• **Requirement**
Begin at the line below that has "<i>Campaea margaritaria</i>". Stop after the line that has "강원도 개족여행 ep.1", repeating each line exactly and leaving out the pictures.

• **Data supplied**
☆ ☆ ☆
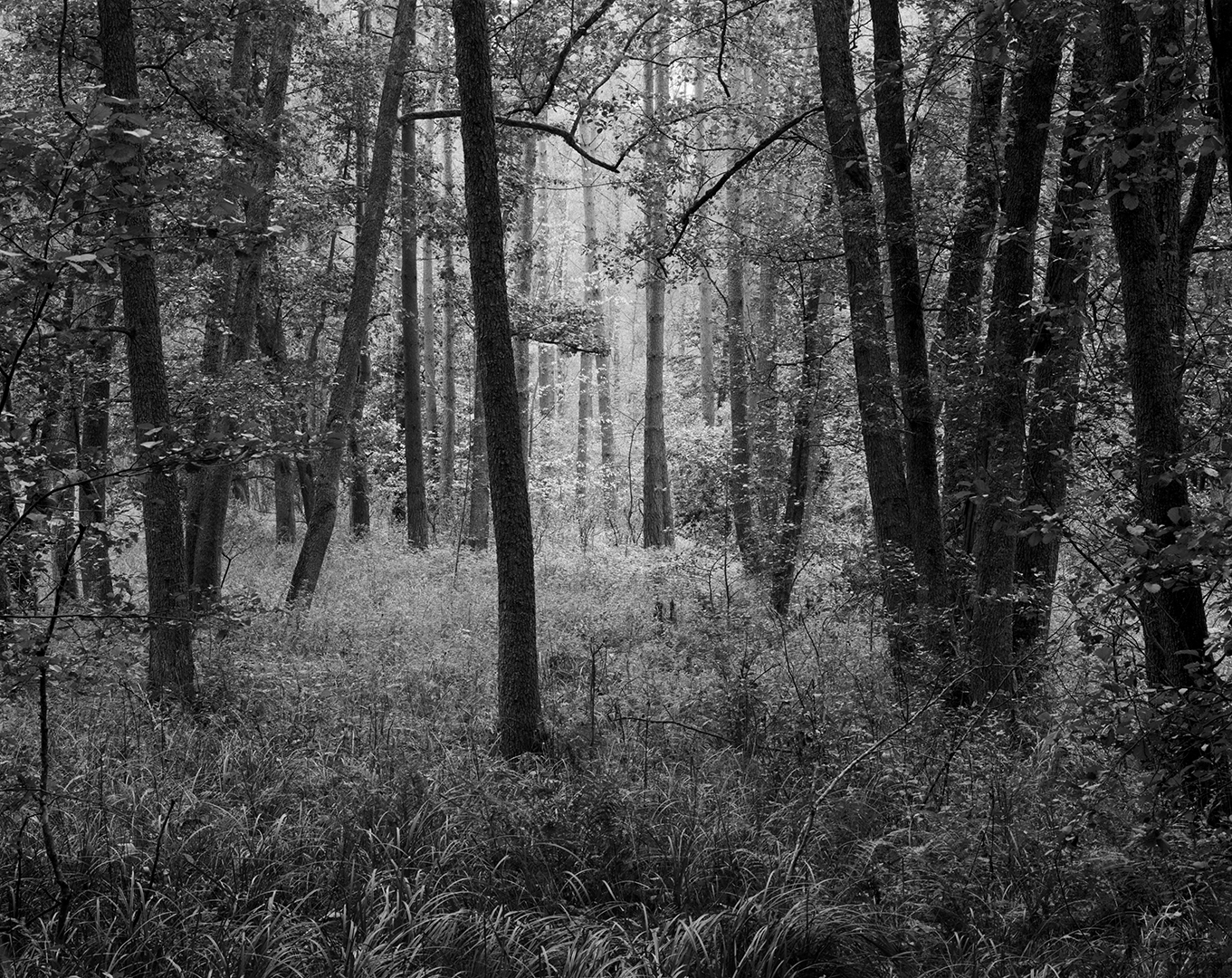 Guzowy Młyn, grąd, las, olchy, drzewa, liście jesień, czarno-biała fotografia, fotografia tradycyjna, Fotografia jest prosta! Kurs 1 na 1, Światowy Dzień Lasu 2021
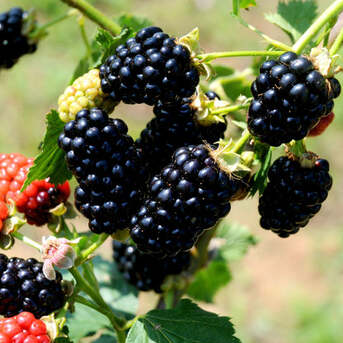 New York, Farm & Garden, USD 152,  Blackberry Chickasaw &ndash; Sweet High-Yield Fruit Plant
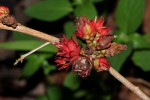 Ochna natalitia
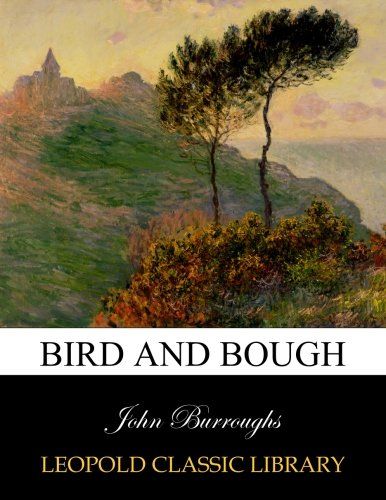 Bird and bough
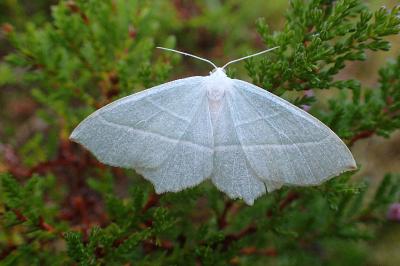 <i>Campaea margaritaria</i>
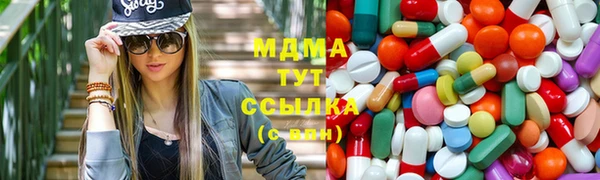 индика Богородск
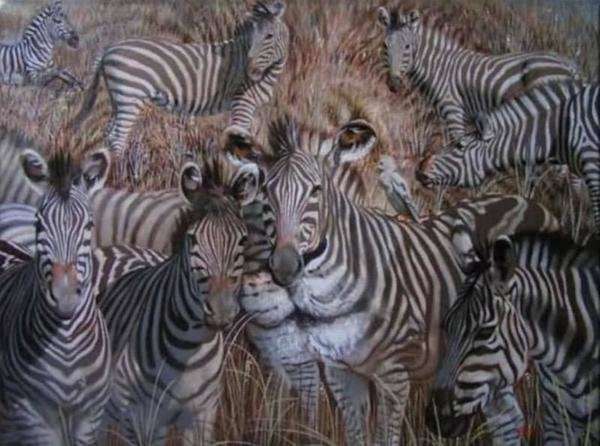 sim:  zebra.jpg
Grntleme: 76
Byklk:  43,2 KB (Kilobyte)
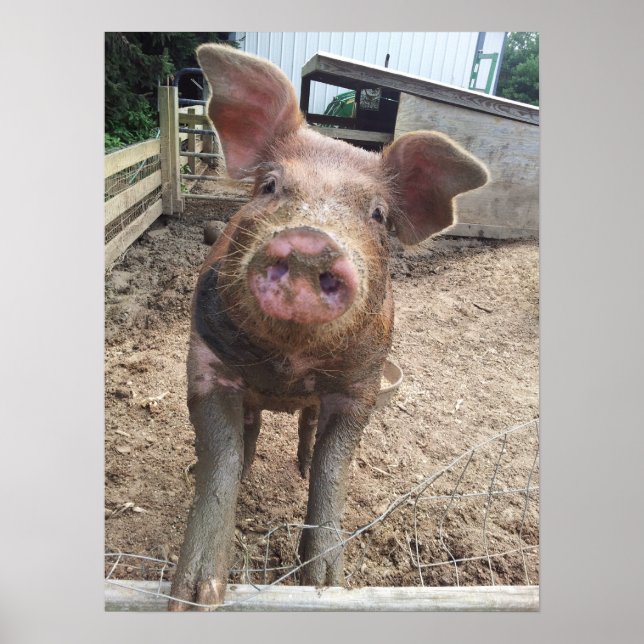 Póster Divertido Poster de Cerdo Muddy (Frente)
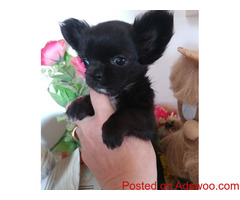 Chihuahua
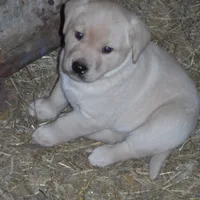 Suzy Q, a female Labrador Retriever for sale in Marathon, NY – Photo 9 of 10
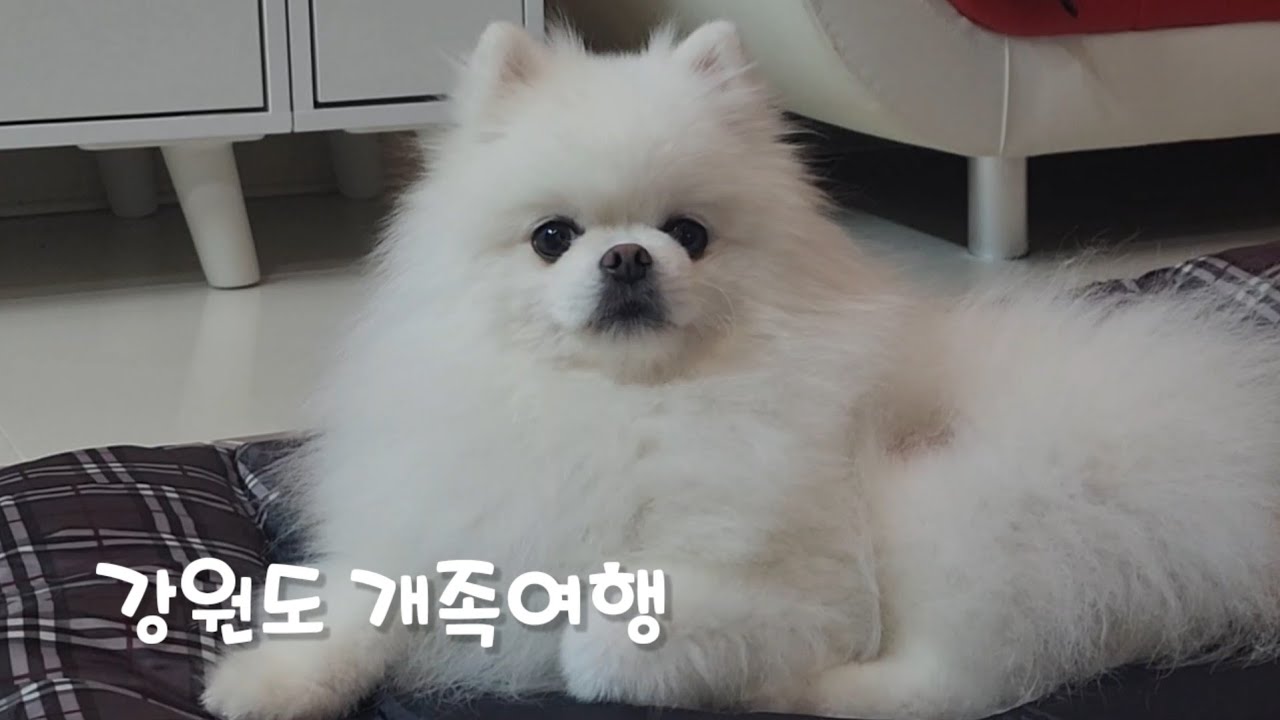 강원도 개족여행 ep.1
☆ ☆ ☆
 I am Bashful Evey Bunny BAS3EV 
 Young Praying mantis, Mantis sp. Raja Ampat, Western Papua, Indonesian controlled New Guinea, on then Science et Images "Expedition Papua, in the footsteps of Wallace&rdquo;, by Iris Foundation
☆ ☆ ☆
• **Exercise response**
 <i>Campaea margaritaria</i>
 индика Богородск
 sim:  zebra.jpg
Grntleme: 76
Byklk:  43,2 KB (Kilobyte)
 Póster Divertido Poster de Cerdo Muddy (Frente)
 Chihuahua
 Suzy Q, a female Labrador Retriever for sale in Marathon, NY – Photo 9 of 10
 강원도 개족여행 ep.1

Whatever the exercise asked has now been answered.